I was six years old whenever I first saw it. On a snowy winter's afternoon, I went to the local theater with my neighbor friend and we saw Disney's Song of the South. It was then that I fell in love with Brer Rabbit, Brer Fox, Brer Bear, and Uncle Remus. Everyone must be familiar with the story of Brer Rabbit and the Tar Baby. This movie is based on the folktales collected by Joel Chandler Harris. These tales are the dialect tales told by African American slaves that Harris had heard as a small child in Georgia.
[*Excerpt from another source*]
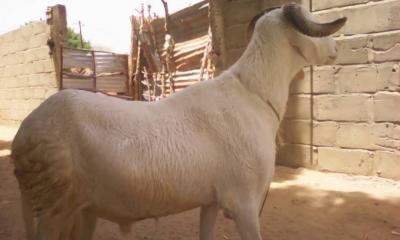 ASSALAMOU ALEIKOUM MOUTONS A VENDRE A NIAKHAR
Their documentation provides a glimpse into 19th century African American culture in which these humorous tales also carried a means of commentary against the suppression of Black Americans by the majority Whites.
Tonight, while Mrs. Bloom was off at critique group, I broke out my copy of The Complete Tales of Uncle Remus and introduced Brer Rabbit and Uncle Remus to my kids. McK asked if we were going to read the whole book. "Yes," I said, "all 870 pages tonight!" We read 3 or 4 of the tales and then broke out my bootleg copy of Song of the South and began watching the movie. K wasn't too impressed with the stories, probably because of the dialect, but he was all about the video. When it was time for bed, McK asked with a hopeful look in her eyes if we could read some more Uncle Remus tomorrow night. Absolutely!
"It's the truth. It's actual. Everything is satisfactual!"